Release Date: July 24. 2015
Director: Jake Schreier
Writer: John Green (author), Scott Neustadter (screenplay), Michael H. Weber (screenplay)
Cast: Nat Wolff, Cara Delevingne, Austin Abrams, Justice Smith, Halston Sage, Jaz Sinclair, Cara Buono, Josiah Cerio, Hannah Alligood, Meg Crosbie, Griffin Freeman, Caitlin Carver, RJ Shearer, Susan Macke Miller, Tom Hillmann, Stevie Ray Dallimore, Jay Duplass
MPAA Rating: PG-13
Runtime: 109 minutes
Production Company: Fox 2000 Pictures, Temple Hill Entertainment
Genre: Drama, Mystery, Romance
Depending on who you are, there can be a great number of things to appreciate about Paper Towns. It’s a fascinating movie about the power of friendship, adventure, and wonder. It’s about believing in yourself and taking that leap forward with no regrets. Everyone is familiar with this notion in some sense which makes the film that much more relatable. It’s funny, caring, and filled with love, that may force you to reminisce on all your past trials and challenges. It made me realize again what’s important in my own life and to only focus on that. So it’s moving in a way, but still not perfect. While the majority of the film can be praised most highly, some of the pacing towards the end knocks the wind out of you, and you’re gasping for air.
From the beginning, ‘Paper Towns’ took me back to my childhood. Expressing the same emotions most adolescent boys go through. It took its time to set up the scenes which put everything in perspective for the ride to come. That ride is an adventurous journey that pushes you to tear down your own barriers, and come out three times better on the other end.
Small windows of opportunity seldom present themselves, and when you don’t take advantage the feeling of regret haunts you. That’s the dilemma for main character Quentin (Nat Wolff). I wouldn’t call him crazy, but his obsessive passion is respected.

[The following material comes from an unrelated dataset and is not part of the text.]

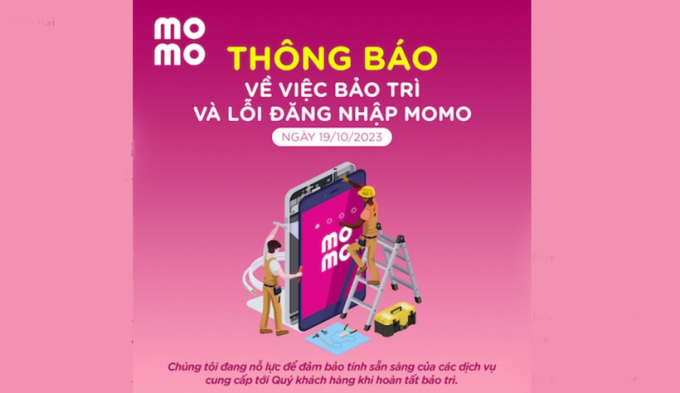 Thông báo về việc bảo trì và lỗi đăng nhập của ví điện tử MoMo trên ứng dụng.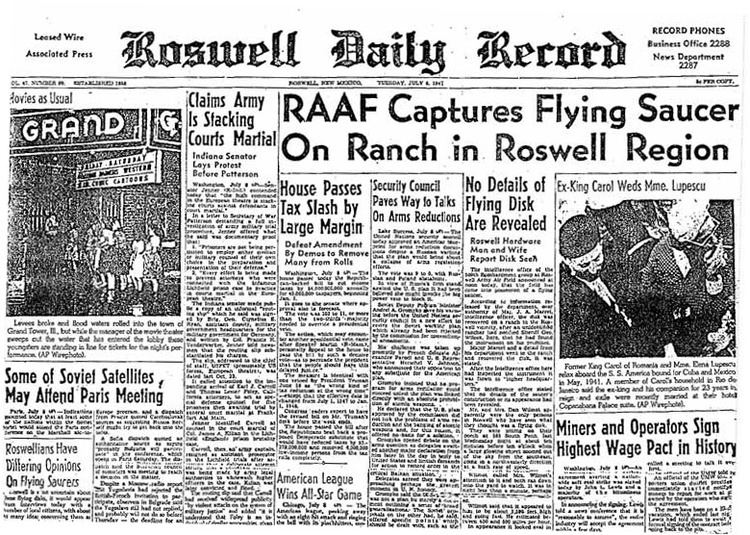 Roswell UFO incident httpsuploadwikimediaorgwikipediacommonscc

He’s on a mission to find happiness with his two best friends Ben (Austin Abrams), and Radar (Justice Smith), and the wealth of the film is in their friendship. This isn’t a fairytale, they fight, and get along just like any other group of friends would. They’re honest with each other during the good times and the bad. Regardless of age in the real world, their performance as high school students was spot on, which made the film that much more enjoyable.

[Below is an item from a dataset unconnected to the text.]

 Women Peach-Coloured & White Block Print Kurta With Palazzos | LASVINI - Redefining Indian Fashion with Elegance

The adventure these gentleman partake on was a nice treat as well. Not knowing what’s around the corner, but storming full speed ahead was exciting. It did take a while to get to this point which did become a bit tiresome. The film almost feels like a two part series that was combined into one film. Part one being the first adventure with Margo (Cara Delevingne), and part two a countrywide search. In my opinion this was my biggest issue with the film. I’m pointing it out because everything else was spectacular. On many occasions an adventure would start between the characters. Excitement would rise, higher and higher each moment, only to be knocked back down by a poorly transitioned detour. Imagine you’re with a group of loved ones. You’re tired, beat up, and fatigued. Out of the blue someone finds the motivation to change the world, and the destination is only miles away. Someone in your party makes an epic speech, confidence is gained, and you’re off like a bat out of hell down the highway to happiness. Then out of nowhere the characters have to stop because someone left their wallet at the checkout counter at the last stop. It takes the momentum away from the moment. This scenario I explained didn’t happen exactly as I put it in the film, but it does relate to my emotions as they went up and down like a roller coaster as I watched this gang of guys on screen.

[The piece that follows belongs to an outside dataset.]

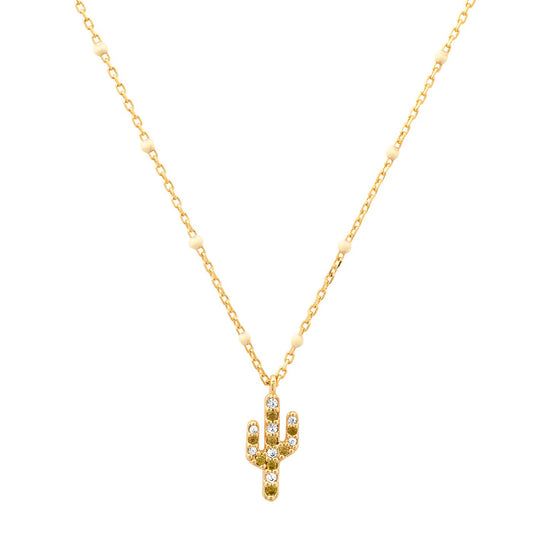 Enamel Beaded Chain with CZ Cactus Pendant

Fortunately that’s only one aspect of the film. Even from the start, the panning camera and slow motion shots puts you right in the moment of what that character is feeling. It reminds you of your old days as a child growing up through high school, which is like adding a cherry on top. Combine that with an upbeat soundtrack that bob’s your head, sending electricity down your spine, and you have a winner. Paper Towns has his monumental moments, some pacing issues towards the end, but was a surprise fun summer movie that will stand its time for this generations. It’s hilarious laugh out loud funny, with characters who are real, and bleed like you and me. You know a film is great when you want to call your friend from the past just to see if they’re ok. That what Paper Towns did for me.